「社員がもっと自分から動いてくれたら…」
「上から言わなくても考えて行動するチームにしたい」
こんな願いを持つ社長は多いのではないでしょうか。
しかし、実際には「自律型組織をつくろう」と掲げたはずが、逆に社員の主体性を奪ってしまっているケースが少なくありません。
今回は、自律型組織を目指す社長が ついやってしまいがちな“やってはいけないこと” を3つ紹介します。

1. 社長が「答え」をすぐに出してしまうこと
自律型組織では、社員が自分で考え、意思決定し、行動することが重要です。
ところが、会議で社員が意見を出す前に、社長が先に「正解」を言ってしまうとどうなるでしょうか?
- 「社長がそう言うなら、それでいいか…」
- 「どうせ最終的には社長の決定になるんでしょ?」
こうして、社員の思考は止まり、次第に「言われたことだけやる」文化ができてしまいます。
ポイント:
社長は「問いを投げる人」に徹すること。
「君はどう思う?」と聞き、意見を引き出す姿勢が大切です。
2. 失敗を許さない文化をつくってしまうこと
自律的に動くには、社員が自分で考えて挑戦する必要があります。
しかし、挑戦には必ずリスクが伴います。
もし、少しのミスで社長が強く叱責したり、評価を下げたりすれば、社員はこう考えます。
- 「失敗したら怒られるから、やらない方がいい」
- 「新しいことは社長に確認してからじゃないと危ない」
結果、社員はリスクを取らず、現状維持に走るようになります。
これでは、自律型組織どころか「指示待ち型組織」が加速してしまいます。
ポイント:
「失敗を咎めない」ではなく、「失敗から学ぶ文化」をつくること。
社員が挑戦した結果の失敗は、次につながる資産です。
3. 「ビジョン」を共有しないこと
自律型組織には、共通の目的地が欠かせません。
社員が主体的に動くためには、「何のためにその仕事をするのか」という ビジョンの共有 が必要です。

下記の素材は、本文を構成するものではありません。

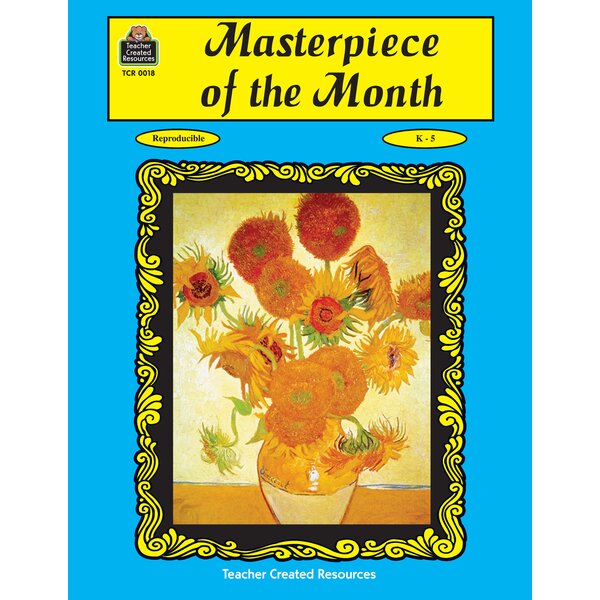 TCR0018 Masterpiece of the Month Image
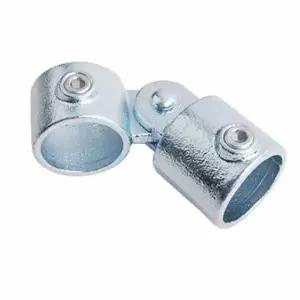 파이프 연결 클램프 원형 조인트 파이프커넥터 고정 장치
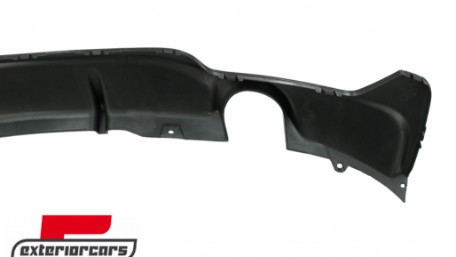 Difuzor zraka M-Performance dizajn (piano crna) / BMW serije 4 F32 F33 F36 (2013-2019), RDBMF32MPDSOB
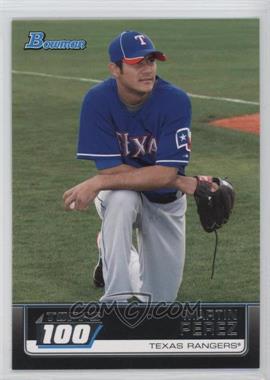 2011 Bowman - Topps 100 #TP97 - Martin Perez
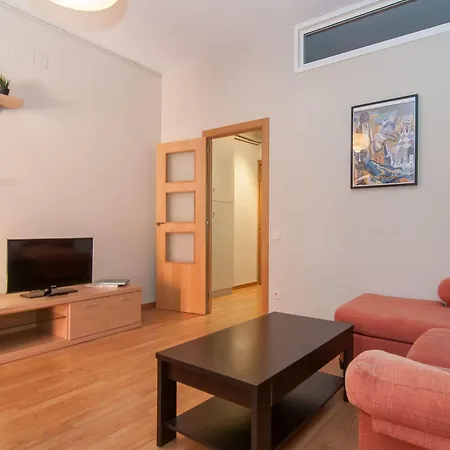 Apartamento Bbarcelona Sagrada Familia Terrace Flat *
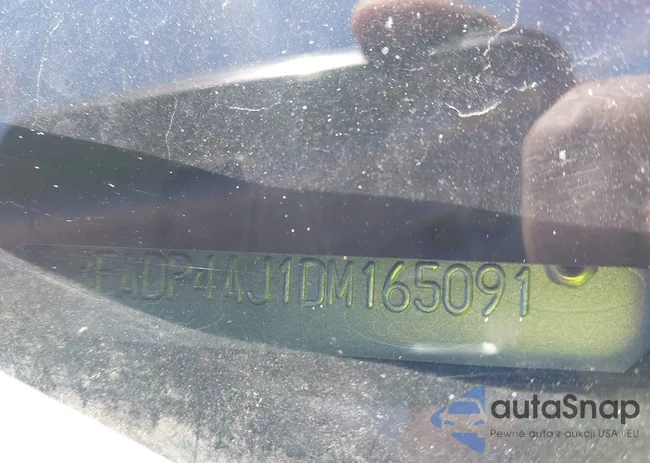 3FADP4AJ1DM165091: 44435127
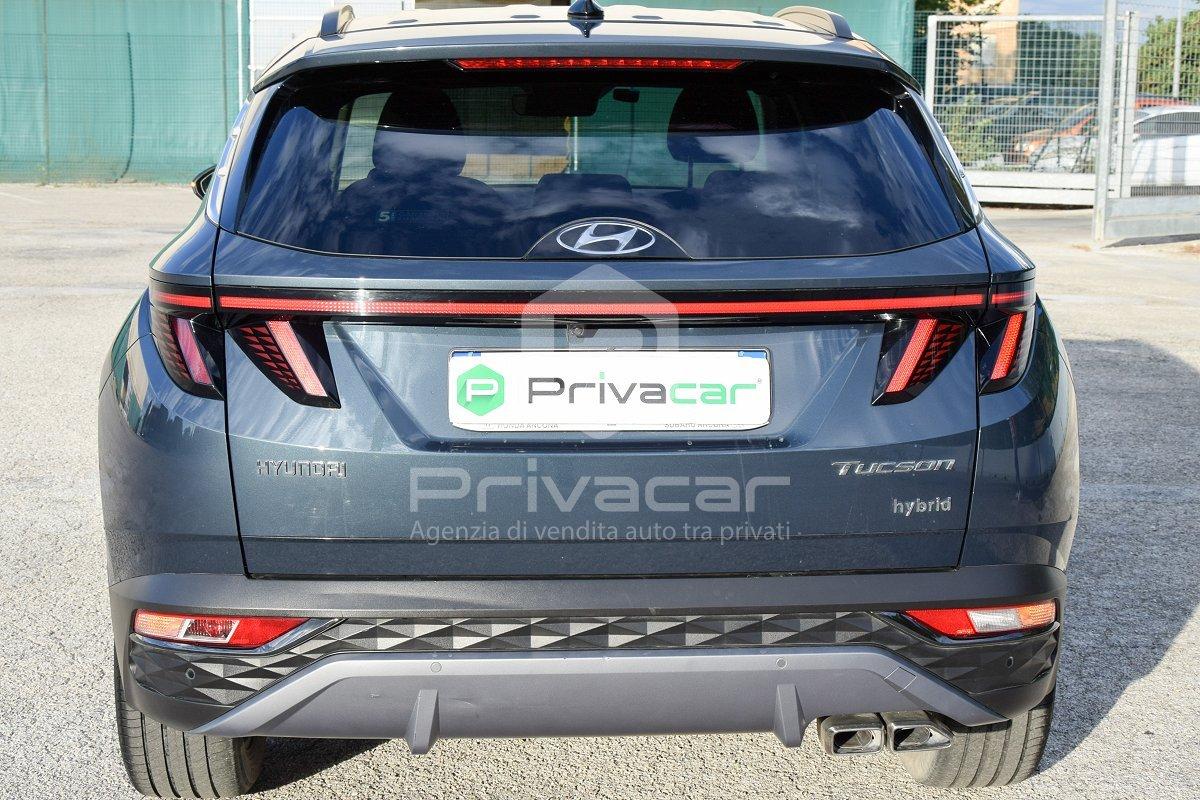 HYUNDAI Tucson 1.6 HEV aut. XLine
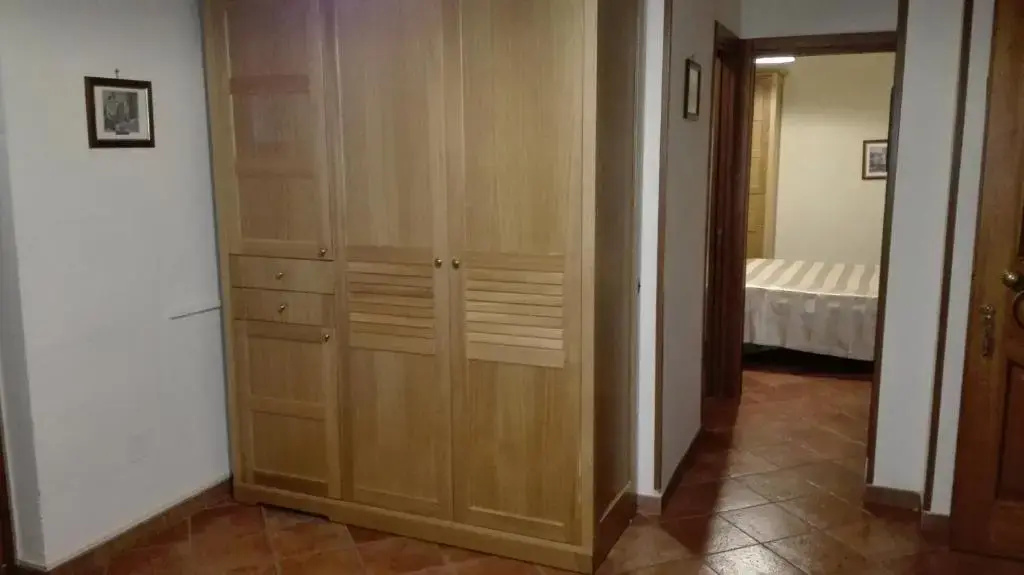 Hotel Sottovento - Chambres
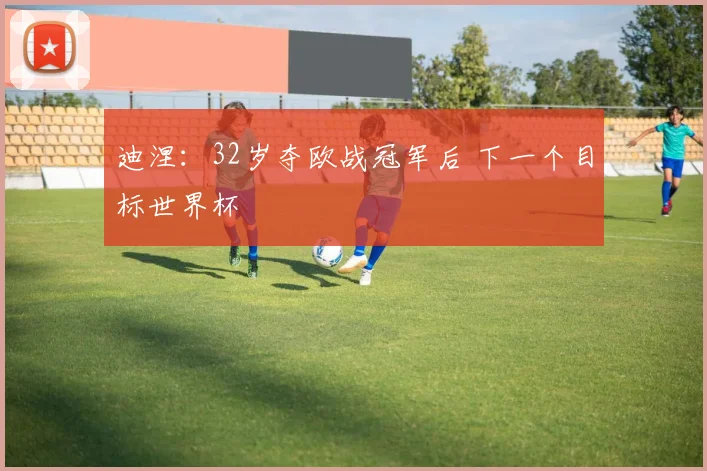 迪涅:32岁夺欧战冠军后 下一个目标世界杯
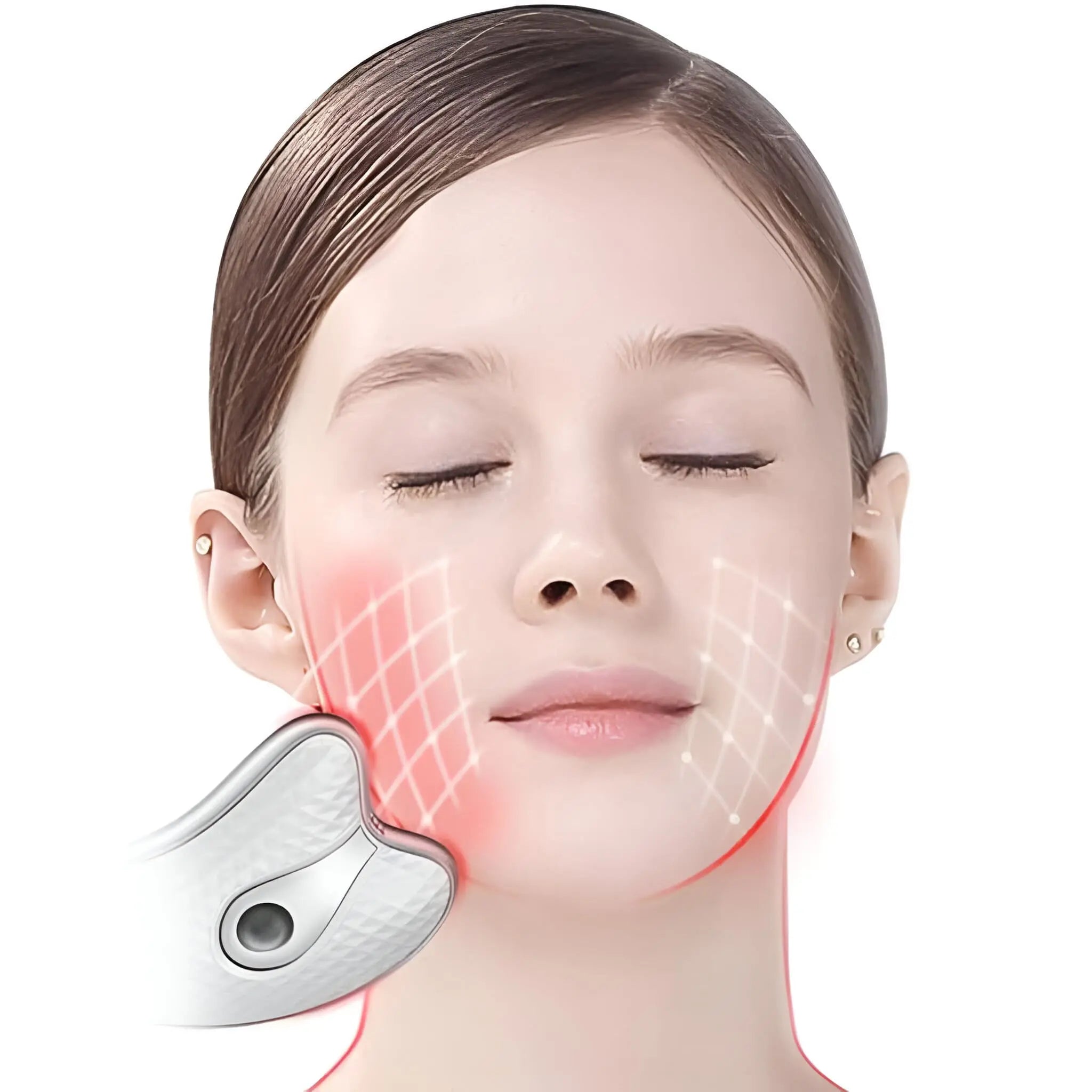 Gua Sha Massage Face Sculpting Tool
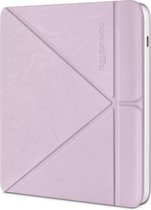 Kobo beschermhoes - Sleepcover voor Kobo Libra 2 - Lavendel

ビジョンが不明確だと、社員は次のように感じてしまいます。
- 「結局、社長がやりたいことがわからない」
- 「自分の判断で動いていいのか不安」
この状態では、せっかく自律を求めても、方向性がバラバラになり、混乱を生むだけです。
ポイント:
「こうありたい」という未来像を具体的に伝えること。
その上で、「このゴールに向かうために、どう動くかは皆で考えよう」という姿勢が大切です。
まとめ:社長は“手放す勇気”を持つ
自律型組織をつくりたいなら、まず社長が 「すべてを自分で決める」習慣を手放すこと が第一歩です。
- 答えを出さず、問いを投げる
- 失敗を責めず、学びを引き出す
- ビジョンを共有し、目的地を示す
この3つを意識するだけで、社員が自ら考え、動き、成長する文化が少しずつ育っていきます。
自律型組織は、仕組みよりも「関わり方の変革」から始まります。
社長が変わることで、組織は自然と変わっていくのです。